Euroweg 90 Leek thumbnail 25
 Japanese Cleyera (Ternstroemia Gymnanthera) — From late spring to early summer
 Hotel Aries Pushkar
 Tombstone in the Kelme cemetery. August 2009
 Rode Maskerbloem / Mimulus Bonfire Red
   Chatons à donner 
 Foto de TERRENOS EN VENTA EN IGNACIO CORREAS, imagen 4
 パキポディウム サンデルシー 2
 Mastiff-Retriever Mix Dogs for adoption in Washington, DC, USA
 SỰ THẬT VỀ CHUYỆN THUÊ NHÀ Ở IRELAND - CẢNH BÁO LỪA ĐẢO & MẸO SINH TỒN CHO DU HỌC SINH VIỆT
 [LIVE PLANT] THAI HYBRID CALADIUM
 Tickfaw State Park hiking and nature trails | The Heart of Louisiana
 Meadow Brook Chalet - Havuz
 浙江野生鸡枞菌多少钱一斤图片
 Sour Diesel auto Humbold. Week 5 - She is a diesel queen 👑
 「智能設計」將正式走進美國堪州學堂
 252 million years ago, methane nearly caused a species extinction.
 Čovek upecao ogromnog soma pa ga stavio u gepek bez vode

● ● ● ● ●

Exercise objective — In the entries above, find the line with "パキポディウム サンデルシー 2", then retype it and every line after it exactly.

Exercise solution —
 パキポディウム サンデルシー 2
 Mastiff-Retriever Mix Dogs for adoption in Washington, DC, USA
 SỰ THẬT VỀ CHUYỆN THUÊ NHÀ Ở IRELAND - CẢNH BÁO LỪA ĐẢO & MẸO SINH TỒN CHO DU HỌC SINH VIỆT
 [LIVE PLANT] THAI HYBRID CALADIUM
 Tickfaw State Park hiking and nature trails | The Heart of Louisiana
 Meadow Brook Chalet - Havuz
 浙江野生鸡枞菌多少钱一斤图片
 Sour Diesel auto Humbold. Week 5 - She is a diesel queen 👑
 「智能設計」將正式走進美國堪州學堂
 252 million years ago, methane nearly caused a species extinction.
 Čovek upecao ogromnog soma pa ga stavio u gepek bez vode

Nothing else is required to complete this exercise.